Despite this setback, or perhaps even spurred by it, the industry continued to introduce innovative new engine designs that increased both efficiency and power. For example, Caterpillar replaced its 3406E model with the C-15 and the C-16. Not only did this extend the company's model numeration past C-10 and C-12, it also incorporated design specifications from these other models into their designs, such as the ADEM (Advanced Diesel Engine Management) 2000 electronic control system to monitor the engine's function. The new models were 200 pounds lighter, quieter, more reliable, and more fuel-efficient than their predecessor, the 3406E. Cummins also introduced new designs: the ISX series with optional additional torque, and the Signature 600 engine that delivered 600 horsepower at 2,000 revolutions per minute.
In 2003, the Environmental Protection Agency estimated that non-road diesel engine emissions could be reduced by 90 percent with the newer planned regulations. Due to the emission regulations into the year 2007, manufacturers were adding particulate filters as standard components of the diesel engine. The filters were designed to act as barriers, preventing the diesel emissions from being released into the air. In addition, engines manufactured in earlier years were being retrofitted with the filters by the thousands. In certain heavy-duty engines, the high temperatures of the exhaust allowed for passive filtering. This was the filter of choice for retrofitting existing engines in the early 2000s. All of the filtering systems were expected to need active management in order to remain compliant and in working order, especially with the stricter regulations expected in the years ahead.

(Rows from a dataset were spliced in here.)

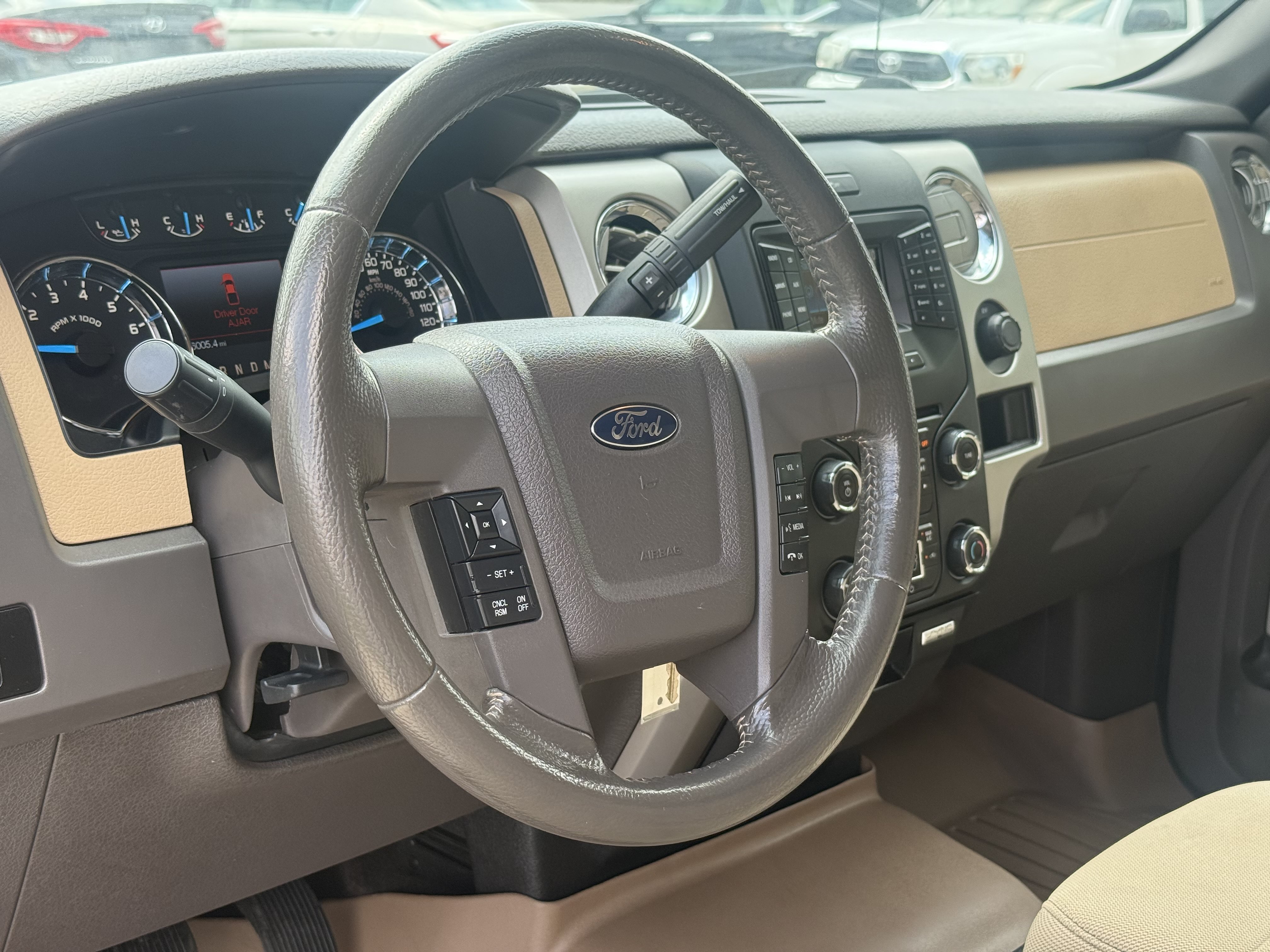Used 2014 Ford F150 XLT w/ Equipment Group 302A Luxury AWD/4WD image 12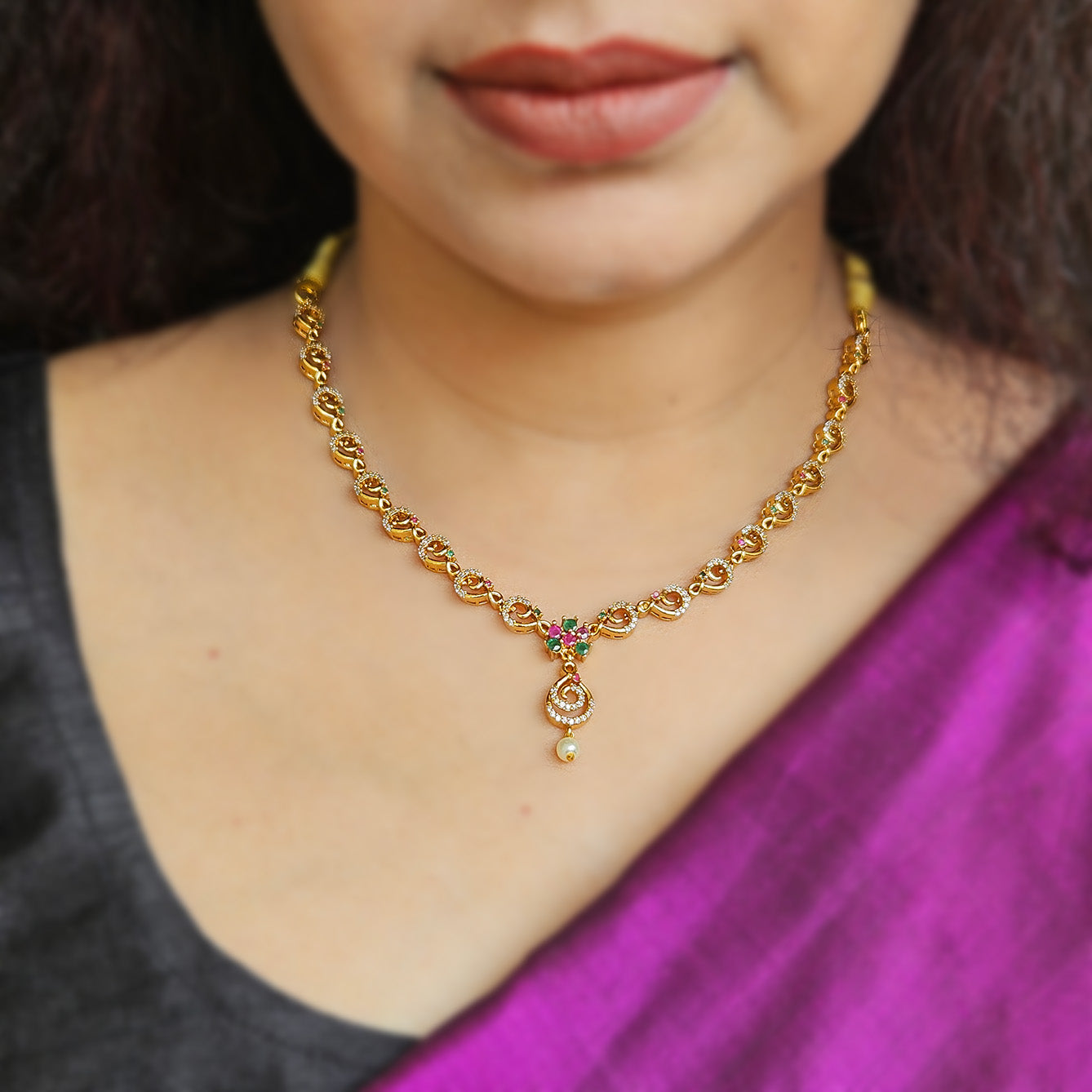 Gold plated necklace with earrings - Ruby and emerald stones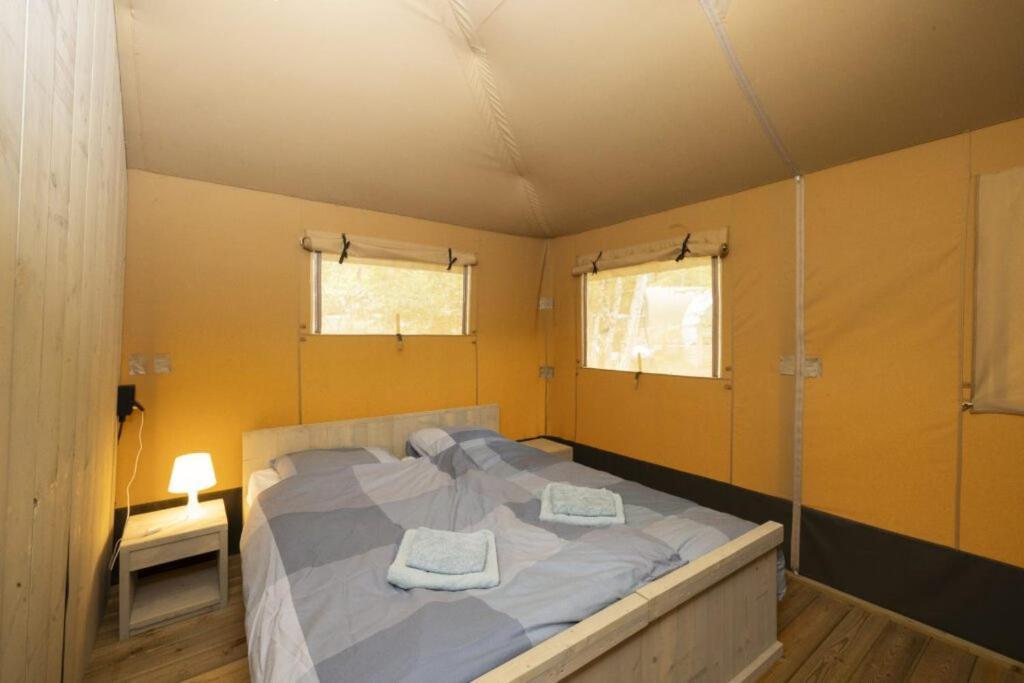 Camping Ushuaia Villages Au Bois Joli Andryes المظهر الخارجي الصورة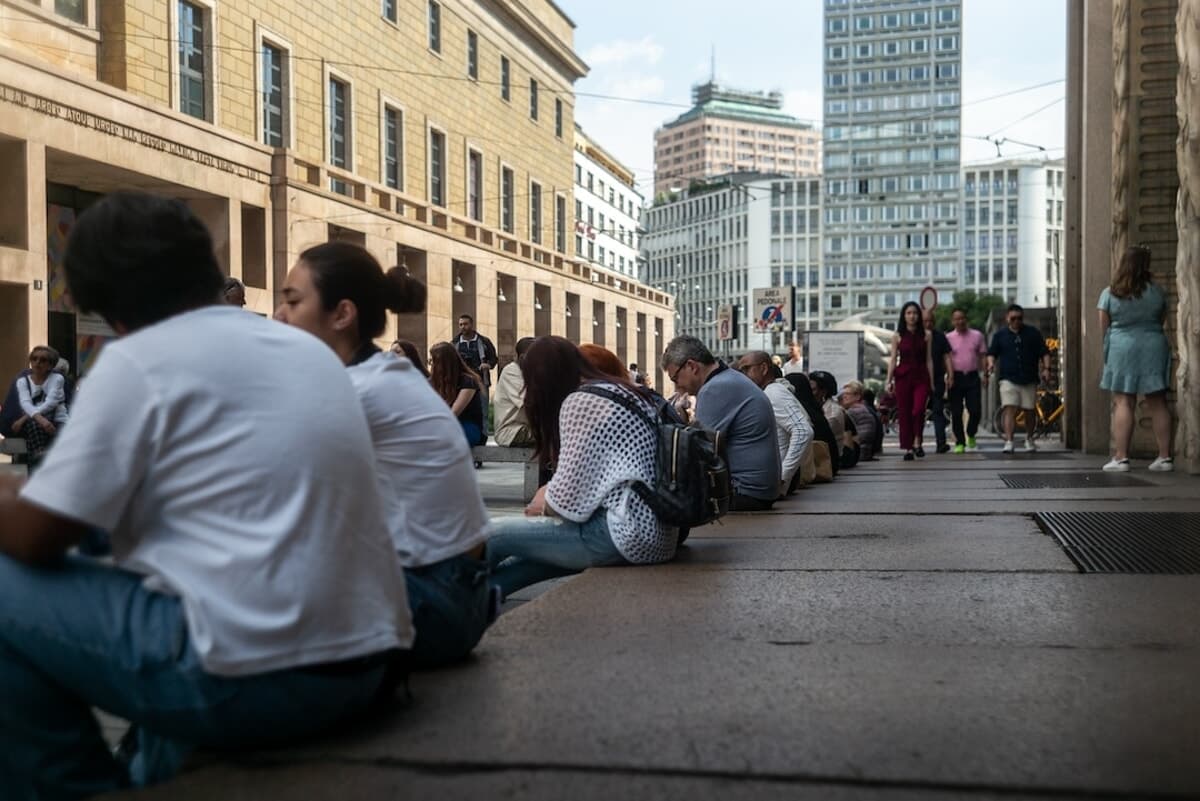 Partono 400mila milanesi, ma arrivano i ricchi stranieri: l'agosto record con jet e hotel da 190 euro a notte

In late 2003, the industry had recovered somewhat from the EPA compliance requirements and stood ready to spend research and development hours and dollars on innovative products. The challenge was to manufacture products that were both compliant with emissions standards and the right design to fit with standard equipment,
and also more powerful and reliable than ever before. Looking ahead, hydrogen fuel was one power alternative garnering lots of attention by those in the marine transportation industry. For large offshore service vessels, diesel-electric power was seen as more economical over than long haul than other propulsion methods, primarily due to fuel cost savings. Manufacturers were looking to design systems that could be easily tailored to current needs, whatever they may become.
The fortunes of U.S. diesel engine makers depend heavily on the market for heavy-duty trucks. The end-user has the option of choosing his own engine, so companies must impress both truck operators and truck makers, which may decide to make an engine standard on a specific line. Although the heavy-duty truck market fell in the mid-to-late 1990s, it was still healthy by historical standards. Some industry observers thought the traditional boom-and-bust cycle of the industry had softened somewhat, due to modest inflation and a more stable economy. According to the U.S. Department of Labor, Bureau of Labor Statistics' Economic and Employment Projections , output for the transportation equipment manufacturing industry as a whole was expected to increase every year until 2012, at the same time that employment was projected to decrease annually for the industry.